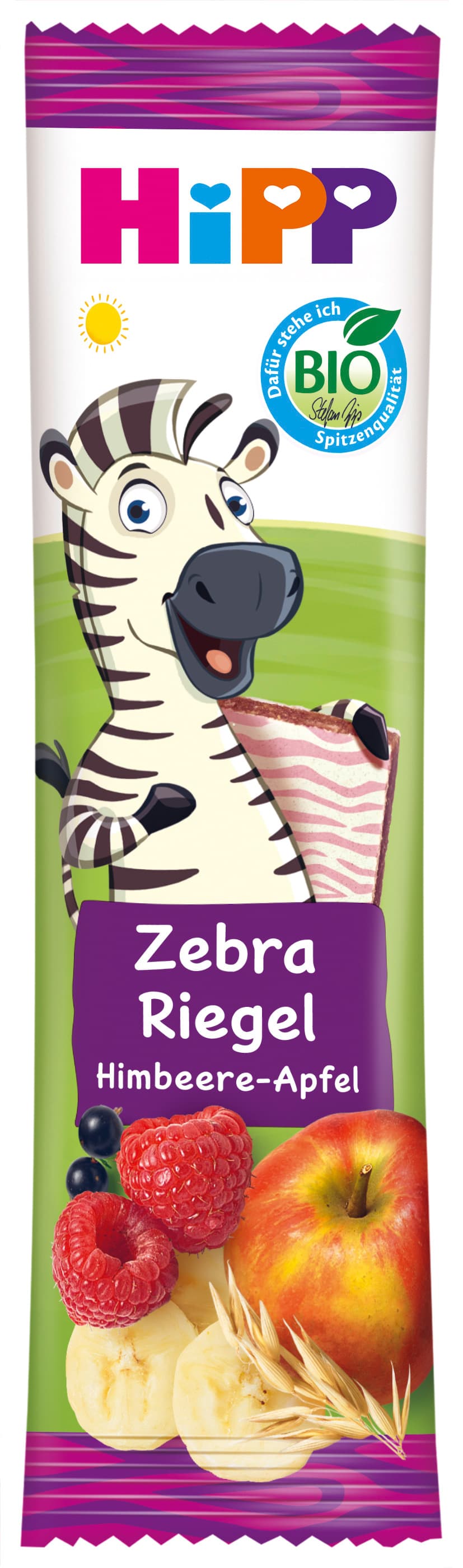 HiPP Bio Riegel Himbeere in Banane-Apfel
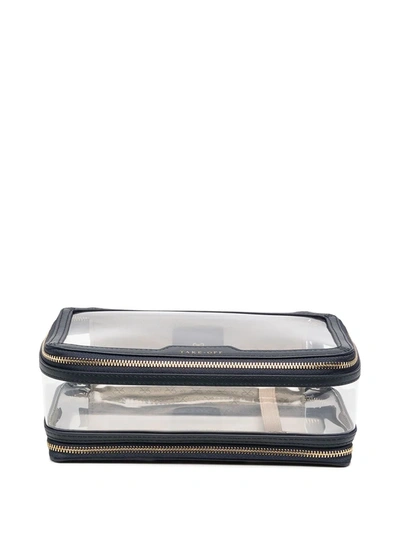 Anya Hindmarch Zip-up Transparent Make-up Bag In Blue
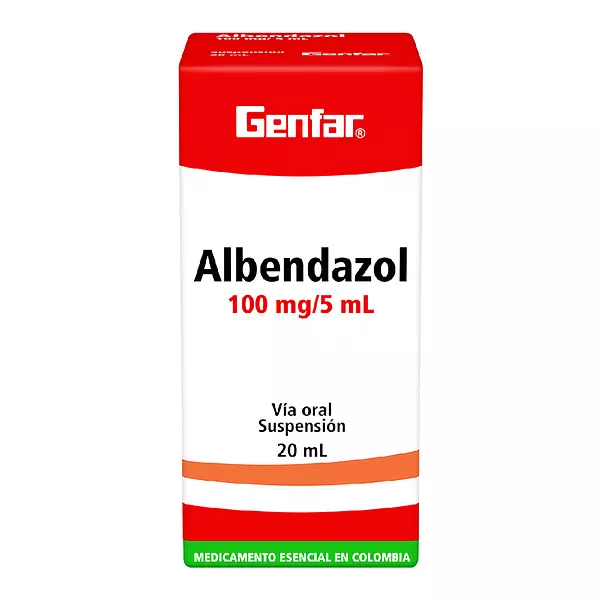 Albendazol Suspension Fco X 20 Ml Genfar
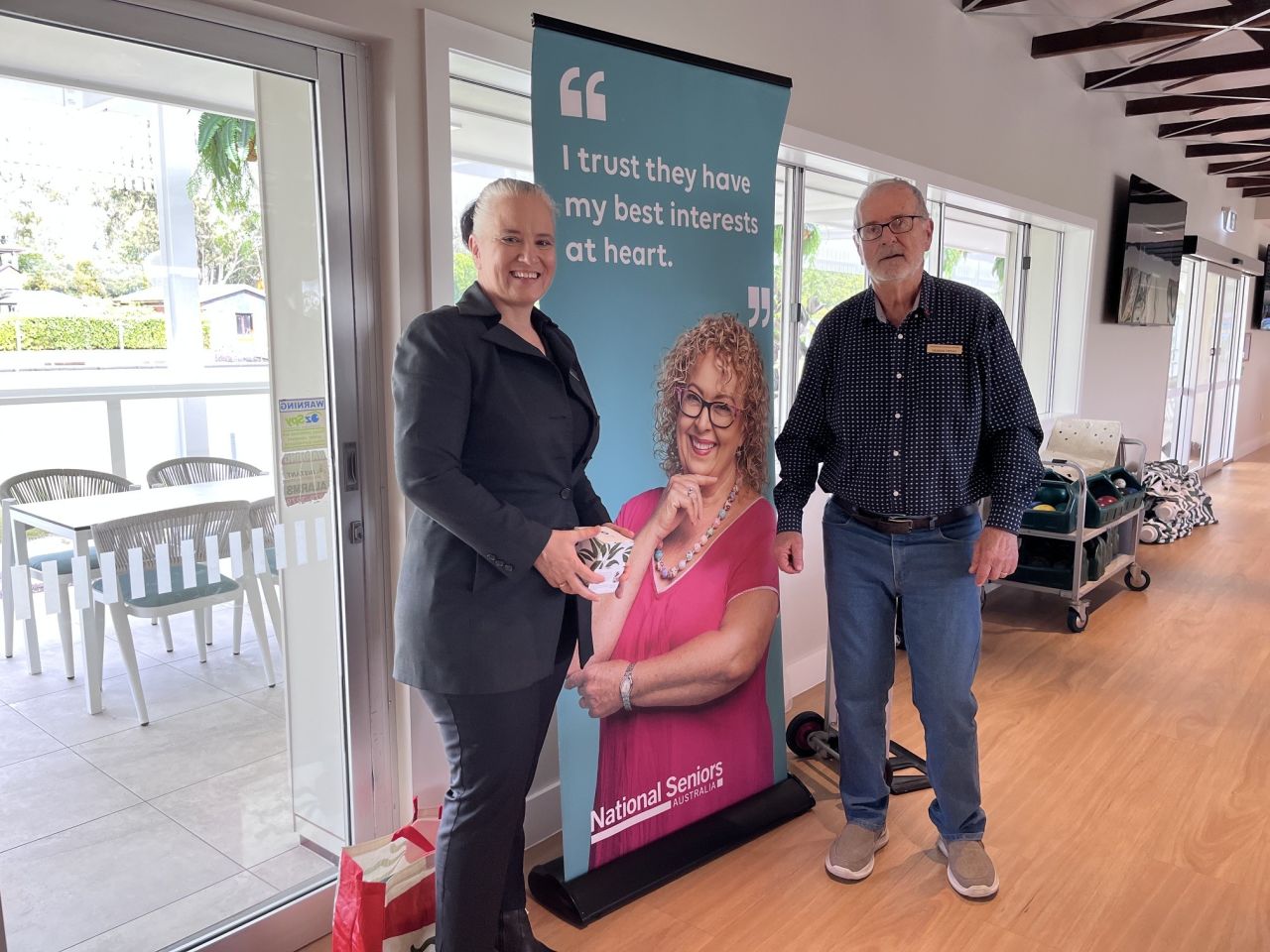 May 2026 meeting guest speaker, Nicole Goulding from Commonwealth Bank who spoke about scams and keeping safe online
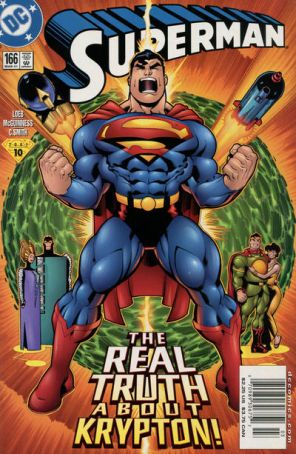 Superman (2nd Series) 166 (Newsstand) published by DC with cover art by Ed McGuinness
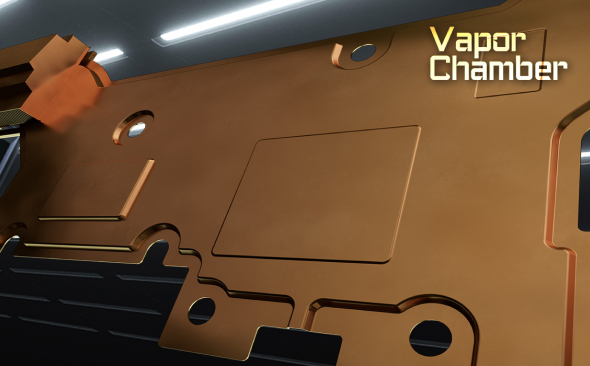 Cámara de vapor Gigabyte AORUS 17X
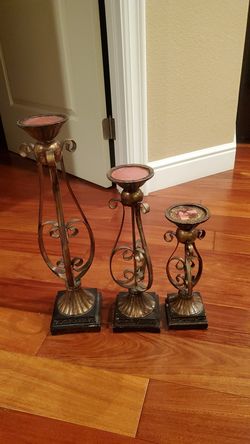 Candle holder set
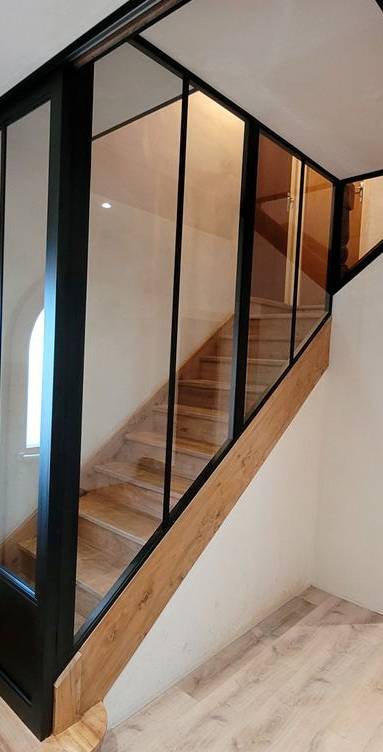 escalier verrière libourne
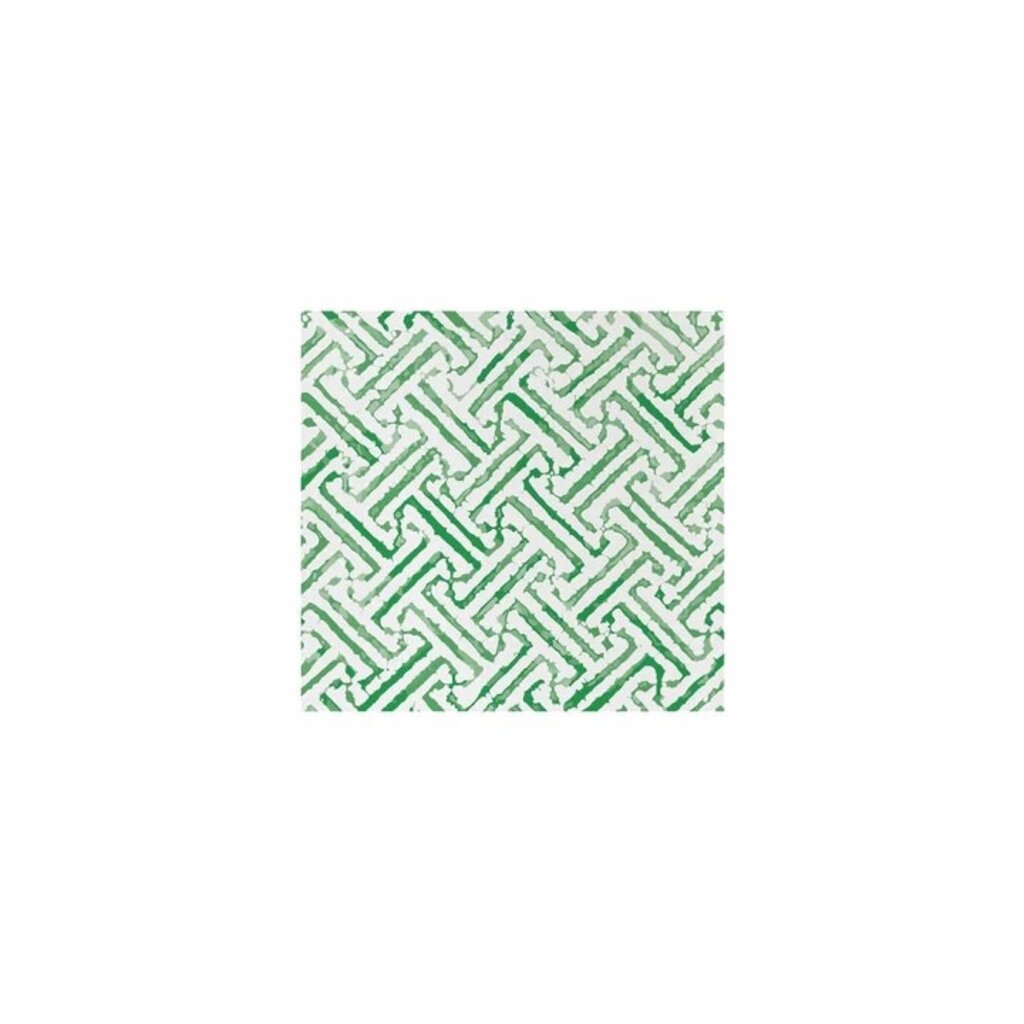 Vietri Greek Key Green Cocktail Napkins, 20 pk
********************
=== AIM OF THE TASK ===
Set the pictures aside and repeat only the lines from the one containing "Candle holder set" through the last line of the entries above, exactly as they stand.

=== RESULT OF THE EXERCISE ===
 Candle holder set
 escalier verrière libourne
 Vietri Greek Key Green Cocktail Napkins, 20 pk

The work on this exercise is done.